There was really only one box left to check for Makely to complete his dream experience, and it was do deliver a Macho Man elbow off the top rope. He told Guerrero right away that he was down for it, and received a rather non-committal “we’ll see” kind of answer.
With nothing seeming to come of it, and no talk of doing the spot happening again, Makely didn’t push the issue but figured it wouldn’t happen. Until he he got a call from Guerrero the night before a shoot, asking if he was still good to do it. Makely answered confidently “Oh yeah!”
Even during the next day’s shoot, though, the moment seemed to be slipping away. “I figured we’d abandoned the elbow drop, or we would have rehearsed it already,” Makely recalls. “Then Chavo comes up to me and says, ‘Ready?'”

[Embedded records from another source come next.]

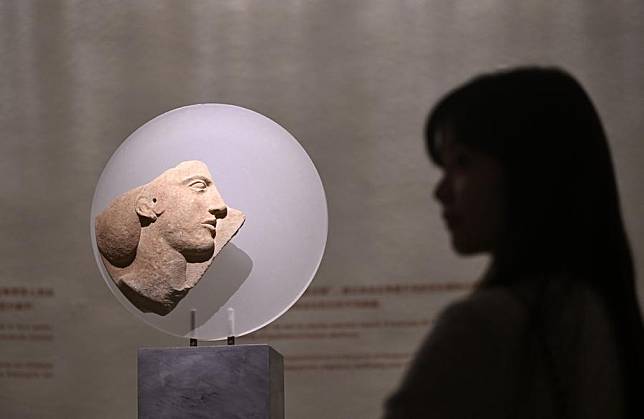 A woman visits an exhibition titled &ldquo;The Countless Aspects of Beauty in Ancient Art&rdquo; at the National Museum of China in Beijing, capital of China, Nov. 5, 2024. (Xinhua/Jin Liangkuai)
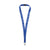 Branded Promotional LANYARD SAFETY 2 CM RPET LANYARD in Blue Lanyard From Concept Incentives.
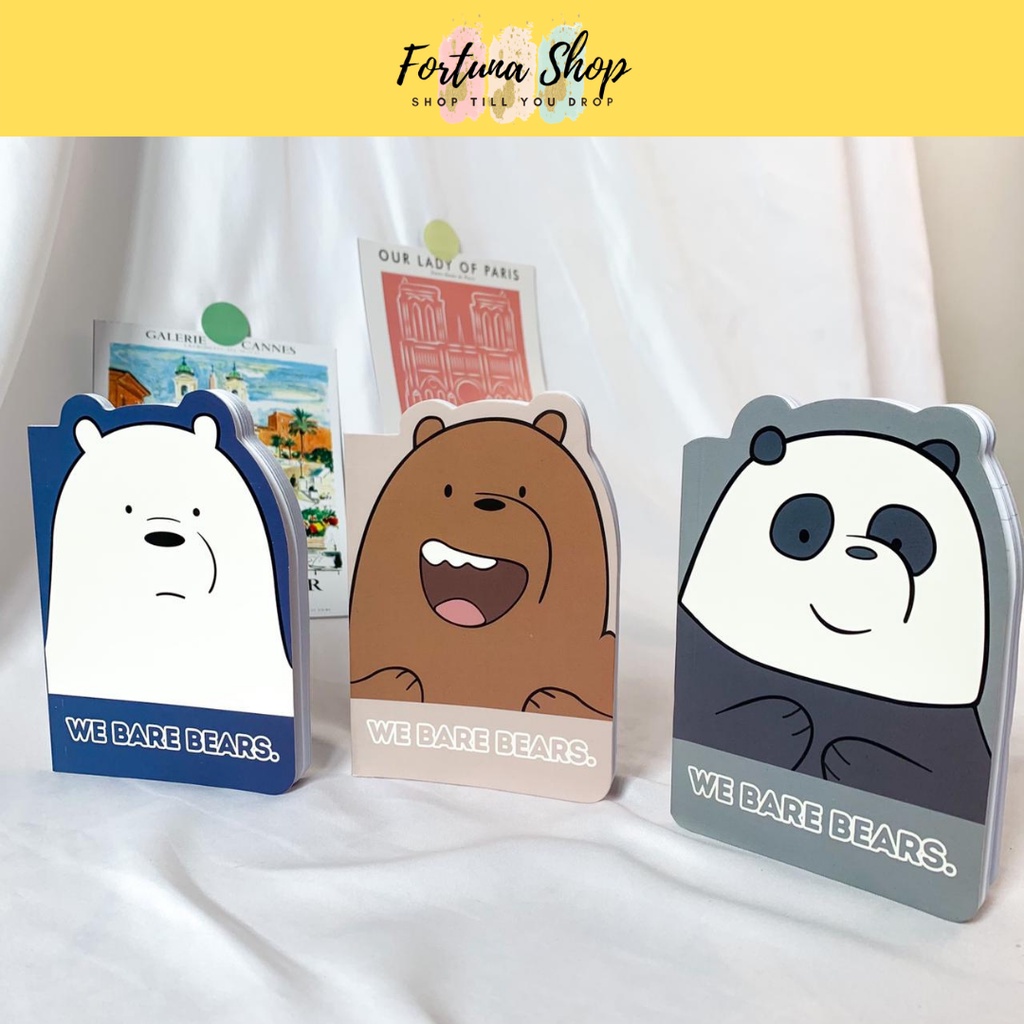 

Buku Tulis A6 WE BARE BEARS WBB We Bare Bear NOTEBOOK Journal Jurnal Diary Kecil Mini Tulisan BOOK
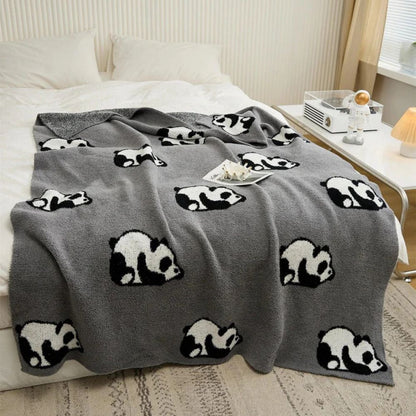Kairo Strickdecke - 100% Baumwolle, Kawaii Panda Design 9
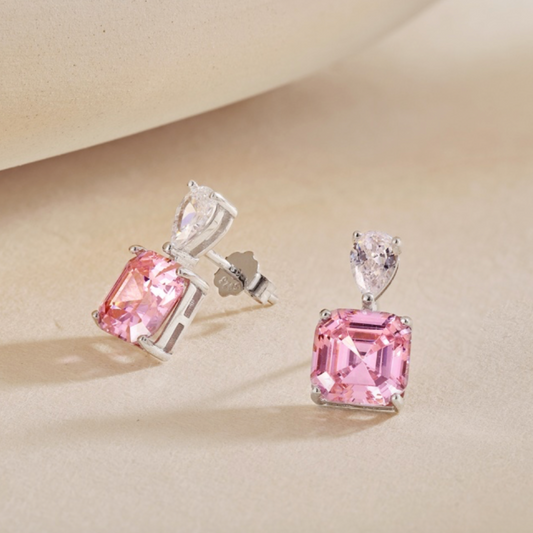 Princess Pinks Statement Studs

“This is my first time up on the top rope,” he continues. “I’m not scared. The crowd is cheering; it was amazing.” He did get on last bit of advice from Chavo: “Even Macho Man gets his balance before he gets up (to the top rope). If you don’t get sturdy, don’t stand up.”
“I did the thing that I grew up watching. One of the best signature moves in WWF, WCW history. My favourite signature move.”

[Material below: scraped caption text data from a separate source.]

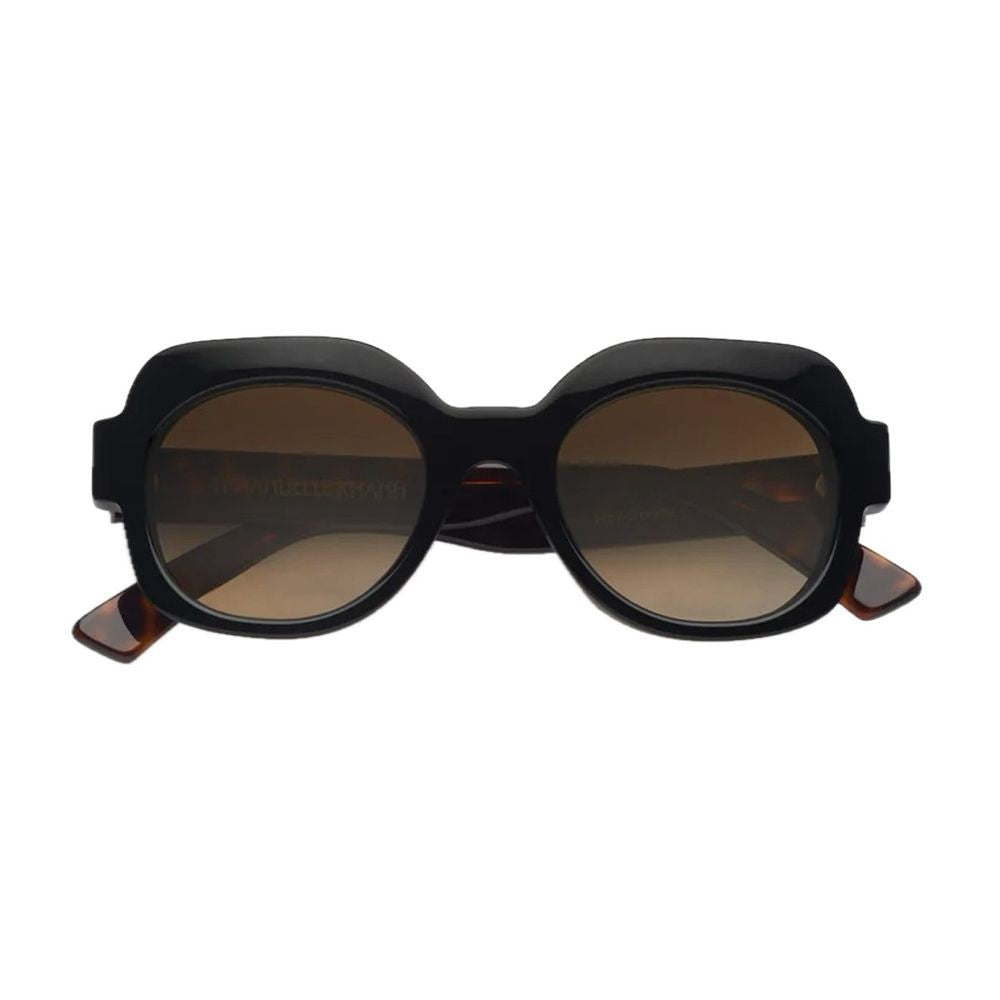 Emmanuelle Khanh Satin Geometric Bio-Nylon Acetate Sunglasses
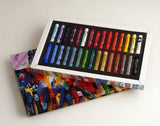 Colorful Artist Pastels Set of 30, ideal for vibrant seascape artwork, made with high-quality non-toxic pigments.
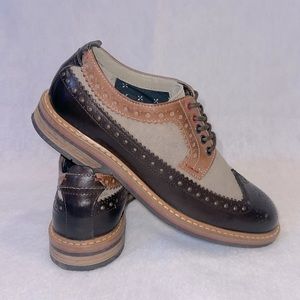 Clarks Brown Comi Lea Pitney Limit Wingtip M Sz 7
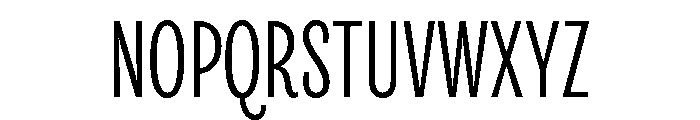 Revla Sans Text Light Font UPPERCASE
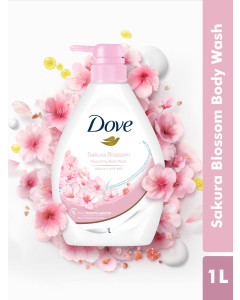 EXPORT DOVE BODYWASH SAKURA - 1LTR X 12 - Carton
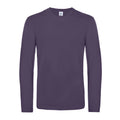 T-shirt #E190 Manica Lunga viola / S - personalizzabile con logo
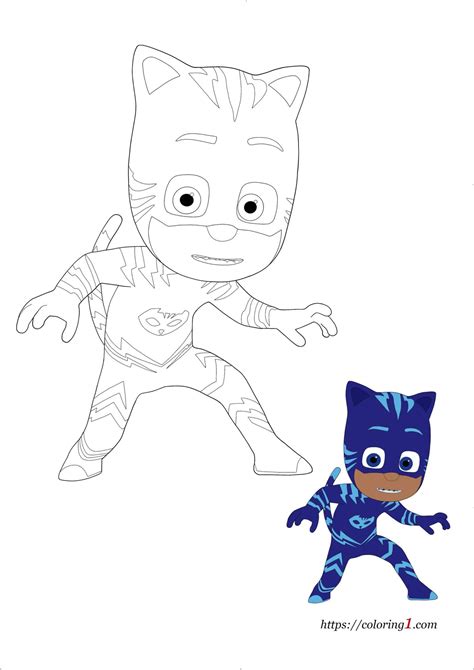 Pj Masks Catboy Coloring Pages - 2 Free Coloring Sheets (2021)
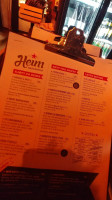 Heim Hamar menu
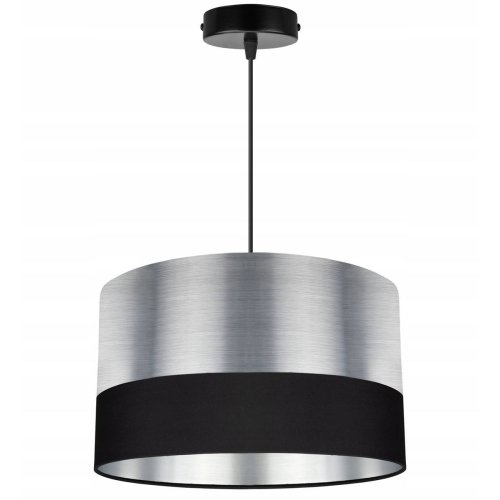 Lampa abażur wzór paski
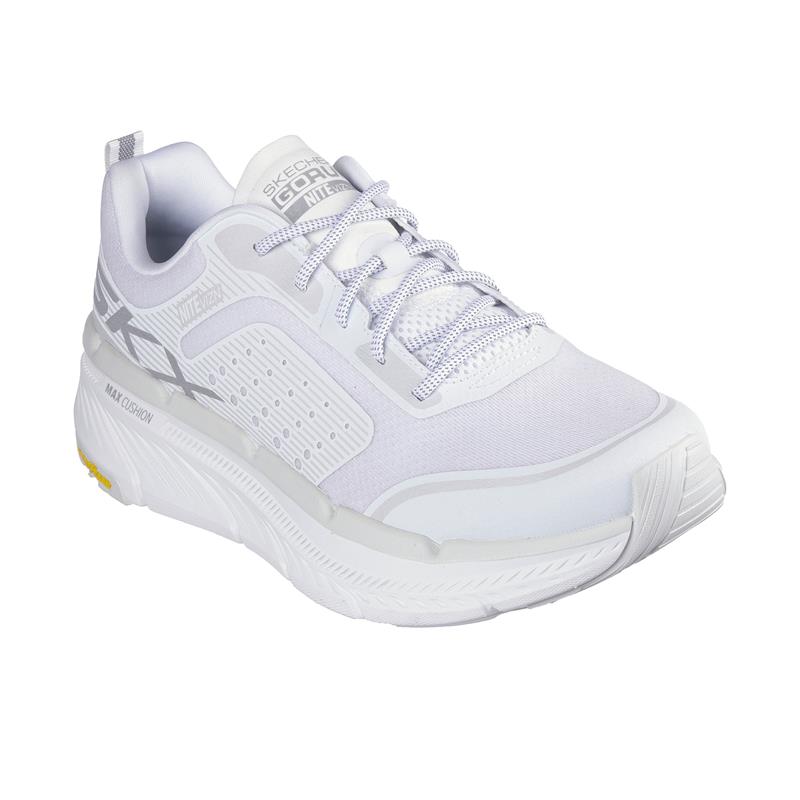 MAX CUSHION PREMIER 2.0 Running Shoes - White (220525/WHT) | Lightweight Cushioned Sneakers for Men & Women | Perfect for Jogging, Gym Workouts & Daily Walking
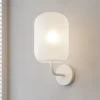 Applique Da Parete-Top Light Applique da parete vetro bianco toplight tender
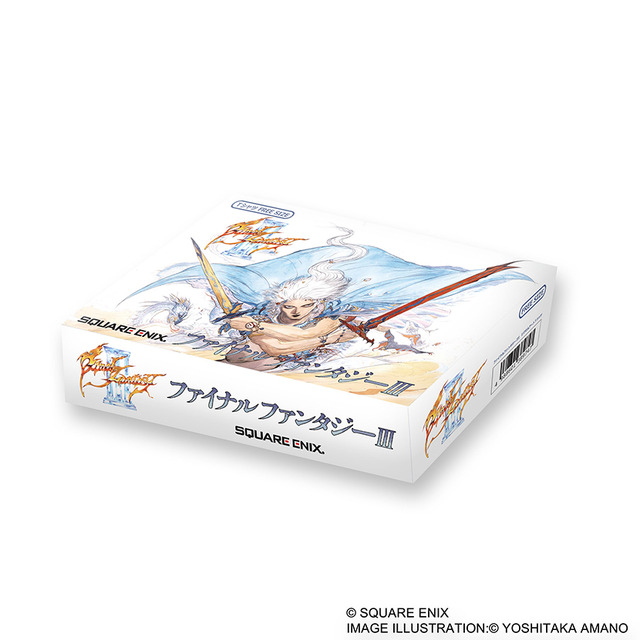 『FF』ゲーム開封前のワクワクする気持ちが蘇る！当時のパッケージ風梱包のTシャツや『VI』までのキャラクターグッズがラインナップ
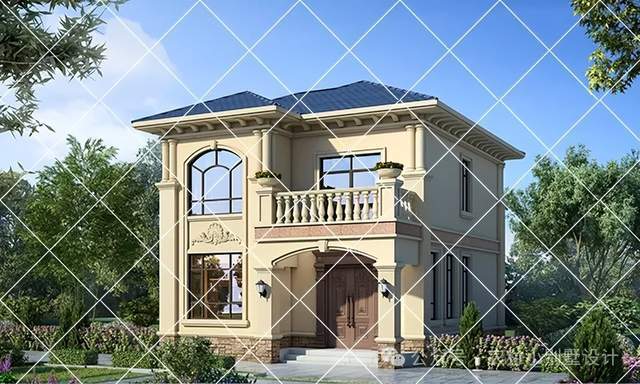 8套豪华农村自建房别墅设计典雅欧式风格光看外观就很气派(图7)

Makely’s experience has left him exhilarated, thankful, and ready for what’s next. As a self-described geek, he has his eye on joining the Marvel or DC universes — and wants to be sure that the Hulk Hogan biopic crew knows he’s available to step in as Macho Man.
The process of moving forward in an uncertain climate due to safety protocols is foremost on his mind. He’s very aware of what it means to have had a breakout year when it has been a tragic time for many. “I couldn’t be more thankful, that in a time when most people are struggling it’s been fairly prosperous,” he says.
Looking forward to sitting in the director’s chair for the first time, safety is his first thought. “It’s all about the new normal,” he continues. “How do we continue to make movies and do the things that we love, and how do we do it safely? If everybody would have adopted the masks and the social distancing, and really believe more in the process and prevention as opposed to either burying your head in the sand or throwing caution to the wind or whatever the case may be, I think we could have been a little farther along. But I don’t get mad at the process. It’s all about keeping everybody safe. I’m just thankful that we can continue to work and we can continue to make things, and we can put our art out there.”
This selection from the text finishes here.